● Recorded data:
══════════
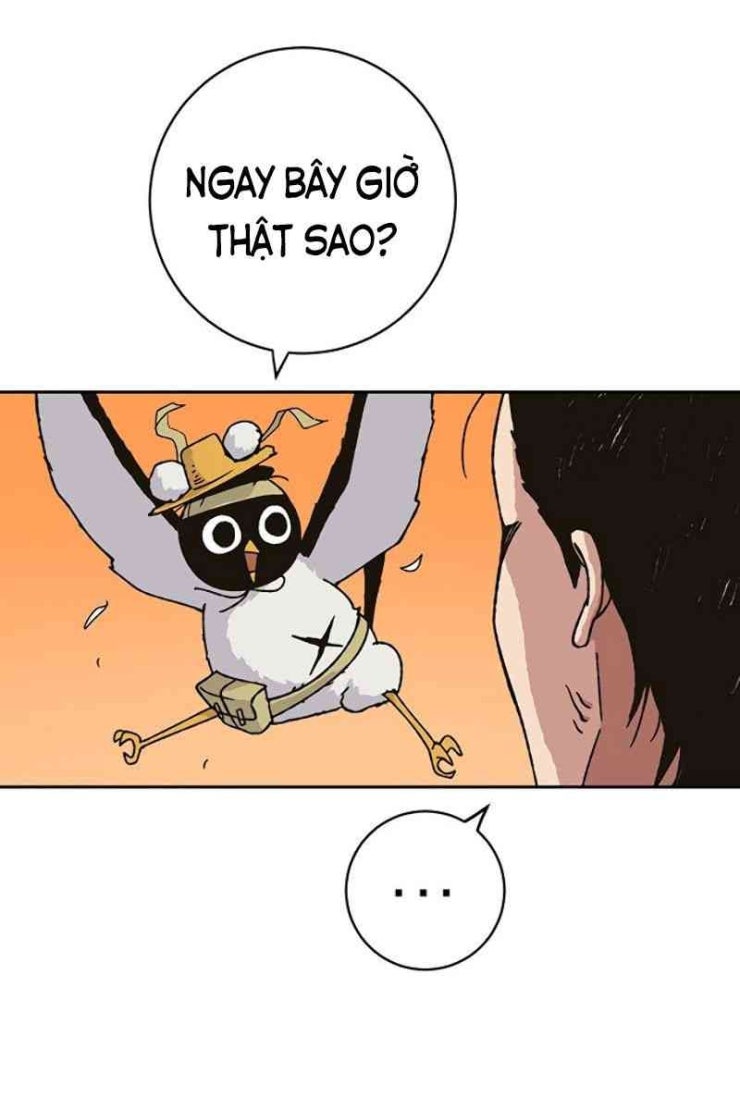 Taebaek: Người Hướng Dẫn - Page 176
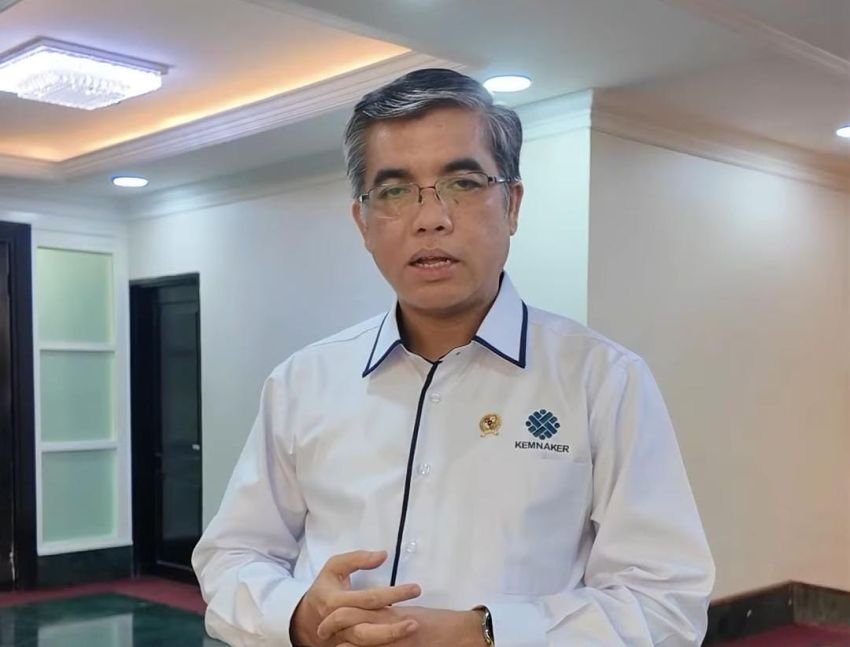Menteri Ketenagakerjaan Siap Rombak Ditjen Binwasnaker K3 Jika Terbukti Ada Pemerasan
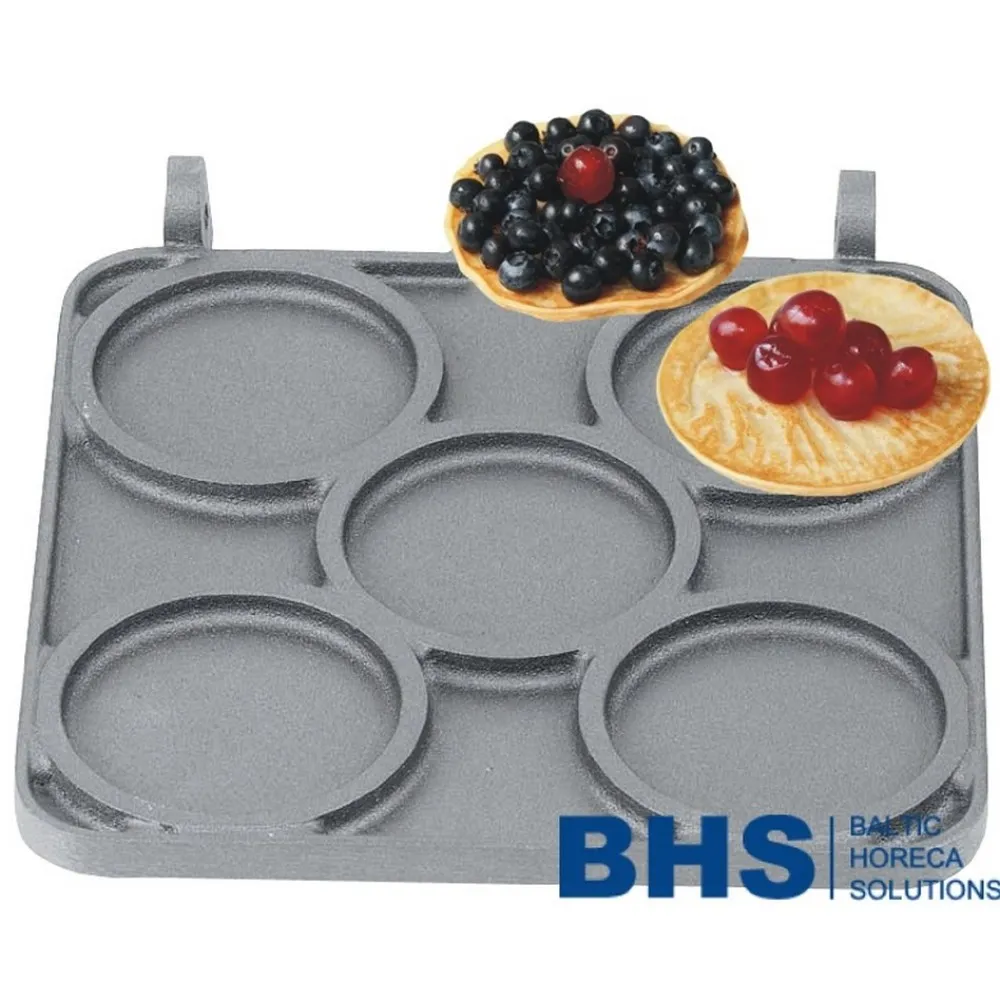 Вафельница BS I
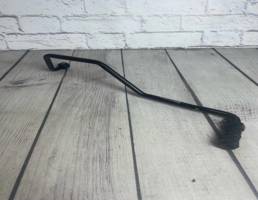 Трубка системы охлаждения АКПП для Audi A4 / B6 (2000-2004)  запчасти бу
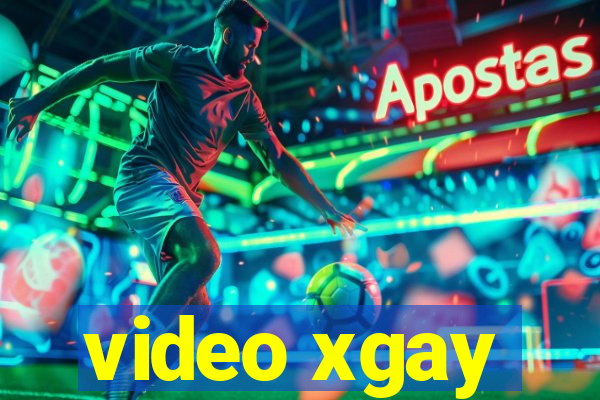 video xgay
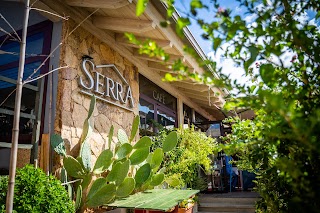 Serra café & restaurant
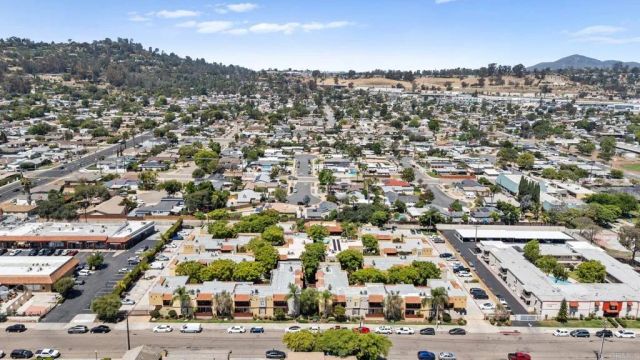 1000 Estes Street 22, El Cajon, CA 92020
══════════
● EXERCISE REQUIREMENTS:
Counting the line with "Вафельница BS I" and the last line of the data above, transcribe those two lines and every line between them exactly, without the pictures.

● RESPONSE TO THE TASK:
 Вафельница BS I
 Трубка системы охлаждения АКПП для Audi A4 / B6 (2000-2004)  запчасти бу
 video xgay
 Serra café & restaurant
 1000 Estes Street 22, El Cajon, CA 92020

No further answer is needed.